[WORK TO COMPLETE]: Within the material below, transcribe exactly the lines from the one holding "CYGNETT MagHold Magnetic" through the one holding "ภาพหน้าปกสินค้า5 in 1", keeping both ends and skipping the rest.

[RECORDS FOR THE EXERCISE]:
----
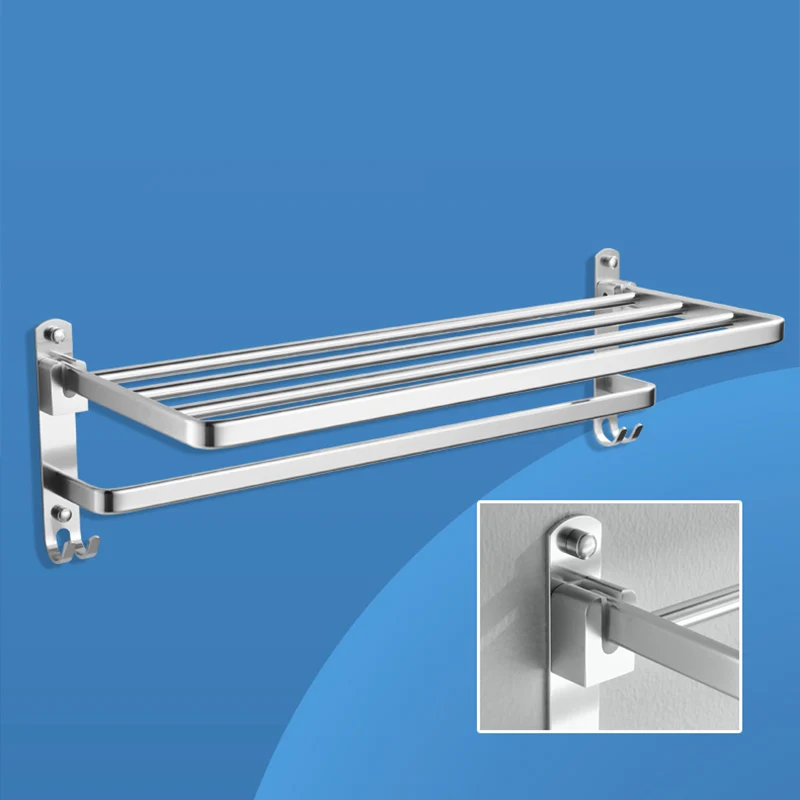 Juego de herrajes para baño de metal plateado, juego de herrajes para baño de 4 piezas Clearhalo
----
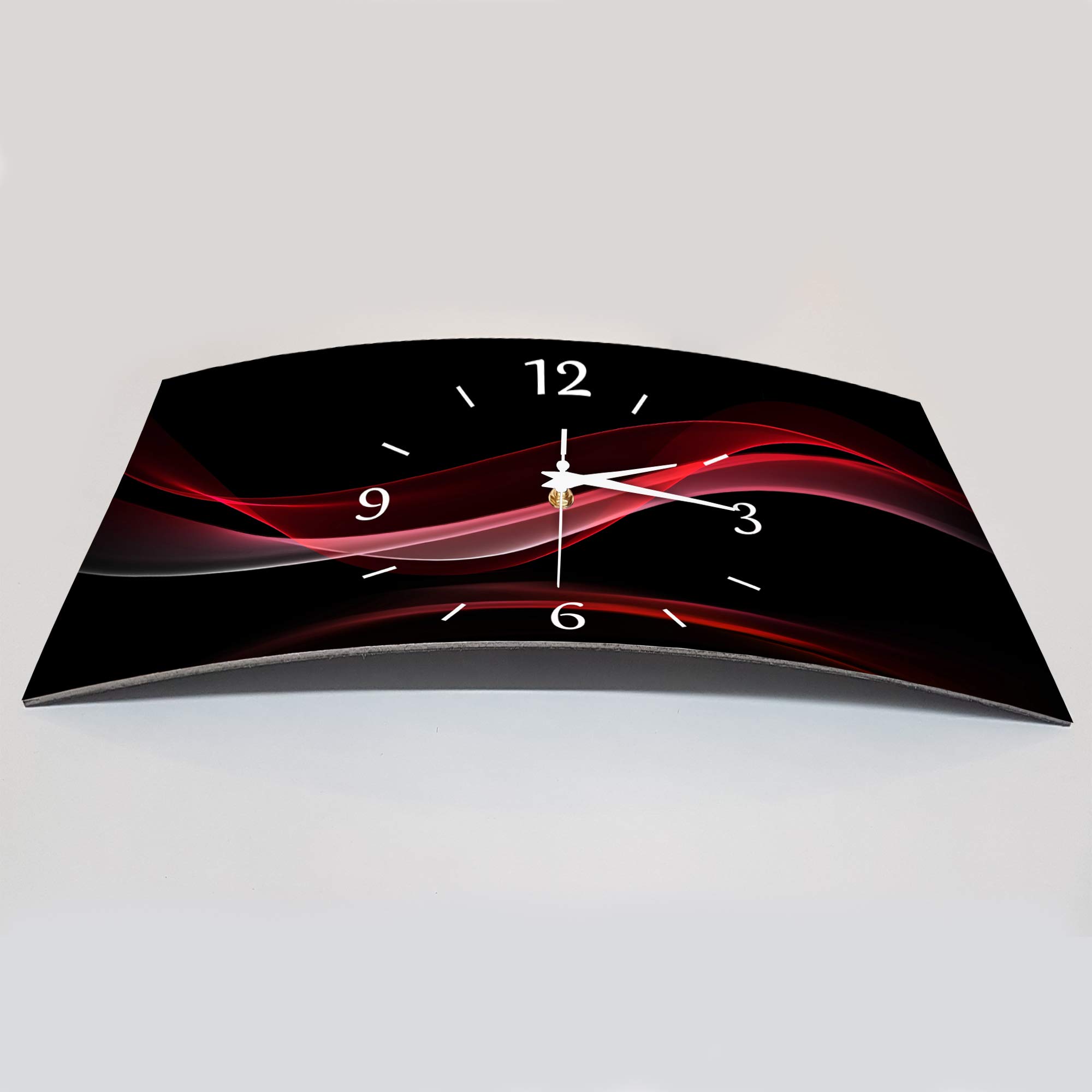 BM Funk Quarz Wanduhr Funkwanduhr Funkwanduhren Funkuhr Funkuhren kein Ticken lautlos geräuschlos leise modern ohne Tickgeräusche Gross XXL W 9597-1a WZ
----
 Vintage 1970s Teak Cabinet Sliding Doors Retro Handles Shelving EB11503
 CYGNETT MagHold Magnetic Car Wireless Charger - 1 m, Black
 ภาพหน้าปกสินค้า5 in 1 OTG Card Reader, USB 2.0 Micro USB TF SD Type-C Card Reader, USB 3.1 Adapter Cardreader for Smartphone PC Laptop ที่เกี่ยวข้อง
----
[SOLUTION TO THIS EXERCISE]:
 CYGNETT MagHold Magnetic Car Wireless Charger - 1 m, Black
 ภาพหน้าปกสินค้า5 in 1 OTG Card Reader, USB 2.0 Micro USB TF SD Type-C Card Reader, USB 3.1 Adapter Cardreader for Smartphone PC Laptop ที่เกี่ยวข้อง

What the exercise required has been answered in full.